I was weightless. We all were. Thirty-three thousand feet up in a cloudless sky, our plane had suddenly pitched into a steep dive. I felt my body float upwards and strain against my seatbelt. Passengers around me screamed. There was a loud crash in the back — a coffeepot clattering to the floor and tumbling down the aisle. Our tray tables began rattling in unison as the 757 strained through the kind of maneuver meant more for a fighter jet. Top Gun this was not, though. Our flight that Friday, April 25th, was mostly heavy-set tourists returning to California from Hawaii. More Tommy Bahama than Tom Cruise.
Weightless and staring downhill at the thirty-some rows of passengers ahead of me, I had a rare and terrible reminder of the absurd improbability of human flight. We were hairless apes crowded into a thin metal tube hurtling through the sky at a speed and height beyond anything evolution prepared us to comprehend. The violence was over after a few seconds. United 1205 leveled out, having dropped at least 600 feet without warning.
The voice of an audibly flustered flight attendant came over the speaker. “OK. That was obviously unexpected.” An understatement. The fasten-seat-belt sign was still off. A moment later, after we’d laughed and settled back into the friendly fiction of air travel as a mundane commute, her voice returned to notify us that “the pilot took evasive action to avoid an aircraft in our flight path.” Then a few minutes later: “Aloha! United Airlines will be offering today’s DirecTV entertainment free of charge. Anyone who has already purchased in-flight entertainment will receive a reimbursement on their credit card.” In 2014, when checked luggage, snacks, and movies have all become nickel-and-dime profit centers for modern air carriers, this announcement surprised me. Something bad must have occurred. Something truly unusual and unexpected. After we landed safely in LAX, I spoke with members of the flight crew and learned what happened.
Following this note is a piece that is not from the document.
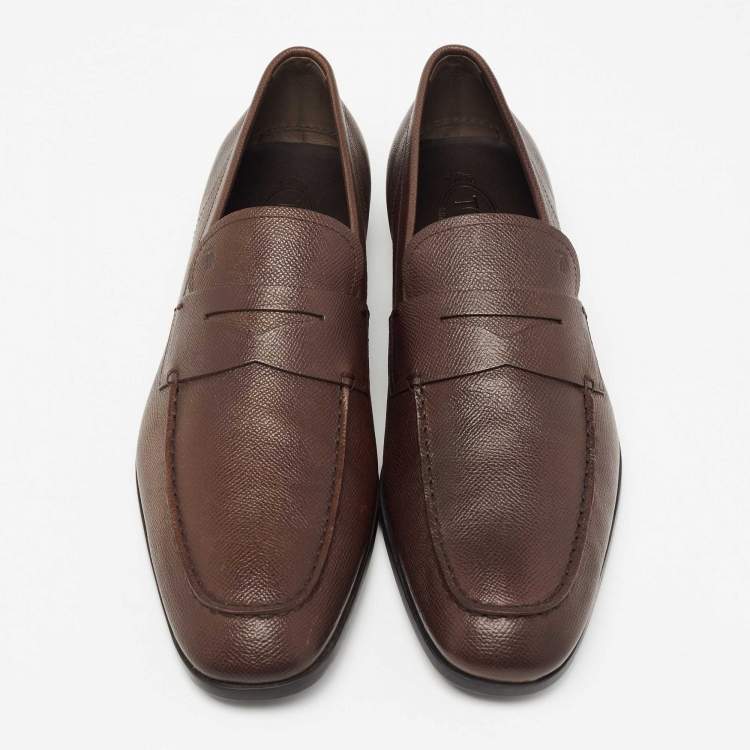 مملوكة مسبقًا Tod's Dark Brown Leather Slip On Driving Loafers Size 46.5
Soon after reaching our cruising altitude of 33,000 feet, the collision alert system sounded an alarm. Our plane was on an imminent path with a US Airways flight over the Pacific, I learned. In these situations, the Traffic Collision Avoidance System (TCAS) communicates between the two planes, alerts the crew, and gives instruction to either dive or climb (ensuring that one plane dives while the other climbs). On United 1205, after the alarm went off, the captain looked out the windshield, exclaimed “Holy s***, there it is!” and immediately took the plane into a sharp dive. The first officer later told me the US Airways flight was “certainly too close for comfort.”
Two details in particular are unsettling:
- Visual Confirmation — At altitude, a pilot can see a long way from the cockpit. Even so, at our speed, long distances can close incredibly quickly. Our plane was cruising at 600 mph. Two planes coming at each other at that speed will close a distance of five miles in fifteen seconds.
- The Response — Our aircraft was a 757-300, the longest narrow-body twinjet ever made. Violent maneuvers like Friday’s incident are not taken for minor events. According to an Aviation Safety Inspector with the FAA in Hawaii, the severity of the response in United 1205 speaks to the severity of the threat perceived by the pilot.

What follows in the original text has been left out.